Esta perceção quase generalizada do gestor como o homem forte da Ongoing poderá, evidentemente, não corresponder inteiramente à verdade. Talvez Nuno Vasconcelos tivesse afinal mais poder do que o alegado poder que estaria por detrás do (seu) trono. Talvez o trono nem fosse seu e tanto Vasconcelos como Mora fossem meros instrumentos de terceiros. Ou talvez tenha sido um pouco disto tudo e a responsabilidade pelo colapso da Ongoing, pelo fim do “Diário Económico” e por todos os prejuízos causados a trabalhadores, credores e contribuintes seja partilhada por Vasconcelos, Mora e quem lhes colocou nas mãos mais de mil milhões de euros para tentar controlar meios de comunicação e importantes centros de decisão da economia nacional, no âmbito de uma estratégia mais abrangente que, durante anos, contou com a bênção ou mesmo a cumplicidade do poder político.
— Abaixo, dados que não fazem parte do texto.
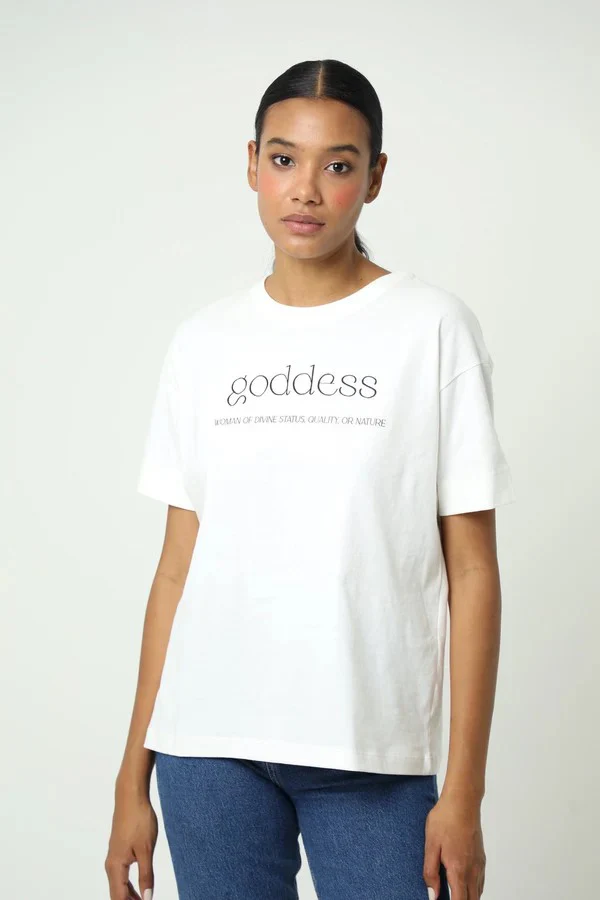 T-Shirt Goddess Ivory - Image 2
Napoleão dizia que a História é um mito no qual os homens concordam em acreditar. Mora, que não sendo corso tem o seu quê de estratega, terá alimentado o mito à sua volta enquanto tal lhe foi conveniente, para a partir de certa altura tentar passar a imagem contrária. Aparentemente, o seu ‘catolicismo’ é do tipo festivo, que celebra a Ressurreição e o Pentecostes, não a culpa e a penitência. Não sabemos se Vasconcelos também se considera “católico”, mas não consta que esteja a expiar pecados lá pelas terras do samba.